After only one year as president of the NRA, retired U.S. Marine Lieutenant Colonel Oliver North resigned and quickly after, so did (suspended at the time) Chris Cox who had been the NRA’s Chief Lobbyist and Principal Political Strategist since 2002.
Many members of the NRA and non-members of the firearms community have asked for NRA Chief Executive and Executive Vice President Wayne LaPierre to step down, as well as request a full-blown investigation. And rightfully so, since Wayne makes $1 million a year salary.
Long-time NRA advocates and firearm industry influencers have begun publicly renouncing the NRA and pulling their support.
Besides its current controversy, gun owners need to be reminded that the NRA initially supported the ban on bump stocks and supported red flag laws as well as the 1934 National Firearms Act (NFA) which made it hard and expensive to purchase and own machine guns and suppressors.
A former Executive Vice President of the NRA said it himself, “The National Rifle Association has been in support of workable, enforceable gun control legislation since its very inception in 1871.” (Franklin L. Orth NRA’s American Rifleman Magazine, March 1968, P. 22)
If you’re wondering where to redirect your dollars, start sending your money to these other pro-gun organizations.
The Second Amendment Foundation (SAF) was founded in 1974 by author and businessman Alan Gottlieb. Focusing on fighting laws that violate gun rights, the SAF claims to have as many as 24 different court cases pending at a time. They played a big role in helping win D.C. v. Heller and McDonald v. Chicago. They currently are fighting for the right to 3D print firearms in Defense Distributed v. US Department of State.
According to SAF’s website:
The Foundation has been active in Second Amendment litigation for almost 40 years. It was involved in many cases—from overturning the San Francisco handgun ban to blocking a ban on the sale of handguns in New Haven, CT. The Foundation also has sponsored challenges to unfair concealed carry license practices in several states, including Ohio’s prohibition on concealed carry. One Foundation suit helped end 19 years of Los Angeles police denial of California CCWs, paving the way for issuance to average citizens. The Foundation has helped fund lawsuits against the 1994 federal gun ban, the California ban, and countersued cities that sued the gun industry.
There are 650,000 members of the SAF. Annual memberships cost $15 and only $150 for a lifetime membership. The SAF merged with two other big pro-gun organizations—Jews for the Preservation of Firearms Ownership (JPFO) and Doctors for Responsible Gun Ownership.

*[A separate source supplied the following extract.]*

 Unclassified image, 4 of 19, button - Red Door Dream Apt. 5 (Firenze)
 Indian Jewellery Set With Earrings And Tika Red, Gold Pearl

“The only no-compromise gun lobby in Washington.” —Ron Paul
The Gun Owners of America are a “no-profit” lobbying organization which focuses on politics and legal issues. Founded in 1975 by a former California senator H.L. (Bill) Richardson, the GOA are Second Amendment absolutists and believe that any attempt at regulating firearms is unconstitutional. Erich Pratt is now Senior Vice President of GOA and John Velleco is the Executive Vice President.
There are 1.5 million GOA members. Annual membership is $20. With annual revenue of $2 million, the GOA helped pass the Firearm Owners Protection Act and helped prevent universal background checks after Sandy Hook by playing a part in defeating the Manchin-Toomey Bill.
GOA is very active when it comes to fighting for gun rights. They won a lawsuit allowing gun owners to sue the BATFE and recover damages for the “unlawful seizure of firearms.” They also fought against the bump stock ban.
The non-profit Firearms Policy Coalition (FPC) focuses on “litigation and legal action, direct advocacy, grassroots activism, research, education and outreach. FPC “estimates that 21.6% of donations made are allocable to political or lobbying expenditures.”
Founded in 2013, less is written about the FPC than other pro-gun organizations and annual revenue and membership numbers aren’t readily available. However, membership is $25.
What is known is how active the group has been fighting for Second Amendment rights, including challenging the bump stock ban and the federal lifetime ban on gun possession by non-violent felons, supporting 3D printed firearms and fighting the ban on interstate handgun sales. It also fought California’s semiautomatic gun and magazine capacity ban. According to Ammoland, “The organization has also taken on Massachusetts Attorney General Martha Healey.”
The NRA isn’t the be all end all. There are plenty of larger and smaller and even local pro-gun groups fighting for gun rights.